[INSTRUCTIONS TO FOLLOW] Everything in the data below is left aside except the lines from the one containing "Retrato del consultor" through the one containing "Baseus Mini 10000mAh"; repeat those exactly.

[EXTRACTED MATERIAL]

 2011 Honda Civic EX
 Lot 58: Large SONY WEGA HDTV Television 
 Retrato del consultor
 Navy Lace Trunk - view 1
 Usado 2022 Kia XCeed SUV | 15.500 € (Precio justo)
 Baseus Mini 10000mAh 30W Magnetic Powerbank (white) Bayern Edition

---

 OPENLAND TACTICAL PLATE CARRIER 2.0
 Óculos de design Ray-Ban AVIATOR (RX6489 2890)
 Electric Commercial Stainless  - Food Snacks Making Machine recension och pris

...

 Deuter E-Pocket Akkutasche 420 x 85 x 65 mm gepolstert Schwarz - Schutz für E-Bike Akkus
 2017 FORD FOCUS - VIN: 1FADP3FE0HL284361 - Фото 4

[EXERCISE RESULT]
 Retrato del consultor
 Navy Lace Trunk - view 1
 Usado 2022 Kia XCeed SUV | 15.500 € (Precio justo)
 Baseus Mini 10000mAh 30W Magnetic Powerbank (white) Bayern Edition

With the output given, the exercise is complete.